Chandrayaan 2 is ready to take a billion dreams to the Moon — now stronger than ever before! Join us for the launch on Monday — 22 July, 2019 — at 2:43 PM IST.
#Chandrayaan2 #GSLVMkIII #ISRO pic.twitter.com/4ybFcHNkq6
— ISRO (@isro) July 18, 2019
After the scintillating finals of Wimbledon and the Cricket World Cup over the weekend, people watching at home were eagerly waiting for the next spectacle – India‘s Chandrayaan-2 launch. However, they will have to wait at least a few more days, as the country’s space agency, ISRO, has delayed the launch due to a “technical snag.”
The launch was originally slotted for 15 July 2.51 AM IST (5 PM ET) from Sri Harikota Space Centre in India.
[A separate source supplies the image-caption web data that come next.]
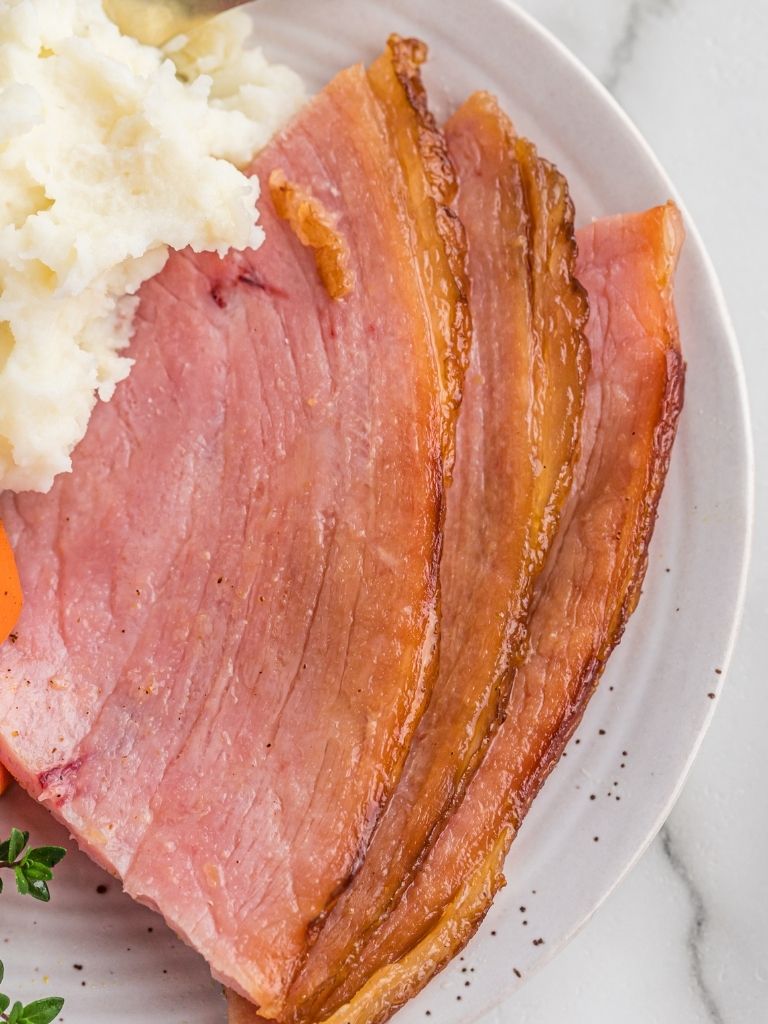 Slices of ham on a white plate with mashed potatoes. 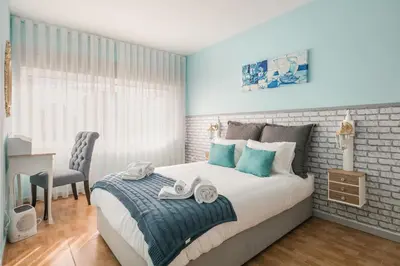 a bedroom with a bed with towels on it at Camarinha Oporto Apartments in Porto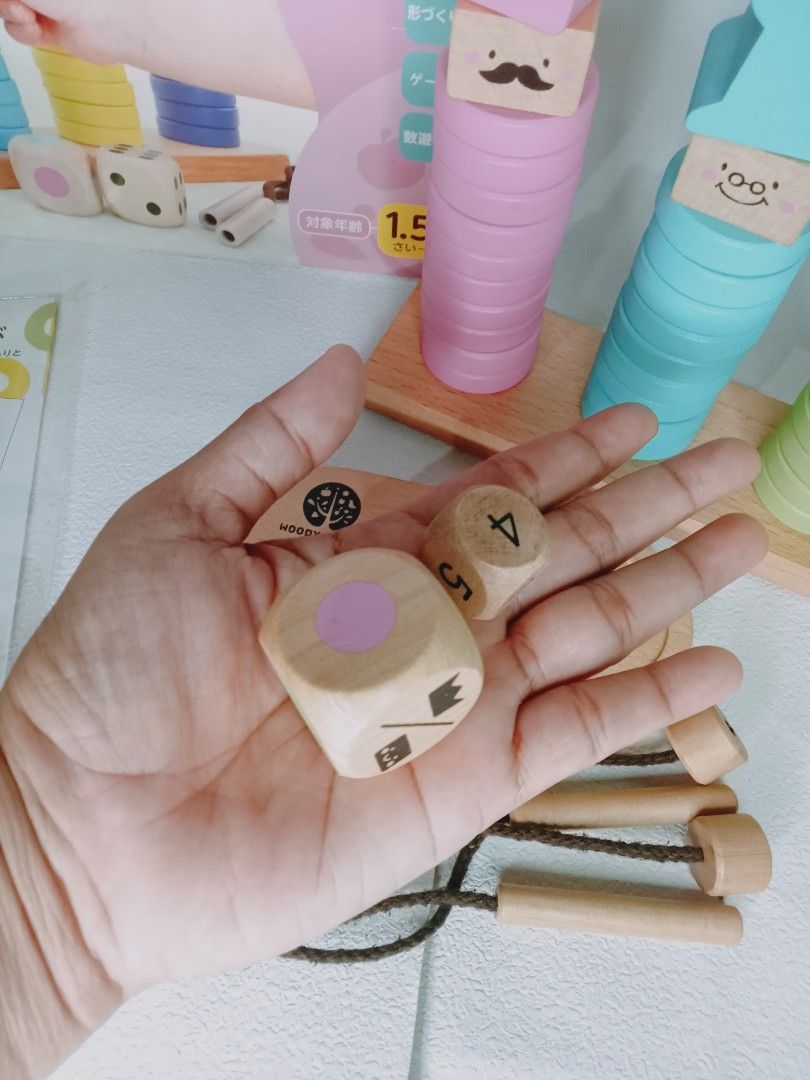 Woody Pudy Ring 10 Stacking Toy (Category: Educational & Learning Toys) located in Rosario. Submitted by elysedeclutter (Listing ID 1419939490, Image 3). Description: -missing 1 blue ring -replacement number dice.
The Chandrayaan-2 was headed for the moon and was supposed to land on the surface on September 6.
But officials from the Indian Space Research Organization called off the launch just 56 minutes before the lift-off when they found an issue during a routine check on the rocket. The team decided to take “abundant precaution” and delay the launch. ISRO officials told IANS they found the impediment when cryogenic fuel was being loaded in the rocket. The agency hasn’t provided any other details regarding the decision.
A technical snag was observed in launch vehicle system at 1 hour before the launch. As a measure of abundant precaution, #Chandrayaan2 launch has been called off for today. Revised launch date will be announced later.
— ISRO (@isro) July 14, 2019
While ISRO promised to announce the new launch date soon, it’s worth noting the current launch window expires on July 16 (tomorrow). That’s not a lot of time to fix a major issue with the launch vehicle, and so it’s likely that the Chandrayaan-2 will take off only during September when the next window opens up.
The launch window for 9-16 July was open for 10 minutes each day. For the rest of the days in July, the launch window is open for just one minute.
The space agency is being extremely careful about the mission it’s already spent Rs. 1,000 crores ($145.9 million) on. Chandryaan-2 is India‘s second moon mission after the Chandrayaan-1 – an orbiter that was launched in 2009. With this new mission, India hopes to become only the fourth country after USA, Russia, and China to soft-land a rover on the moon. For now, we’ll have to wait at least a few more months to see if the country can join the exclusive club.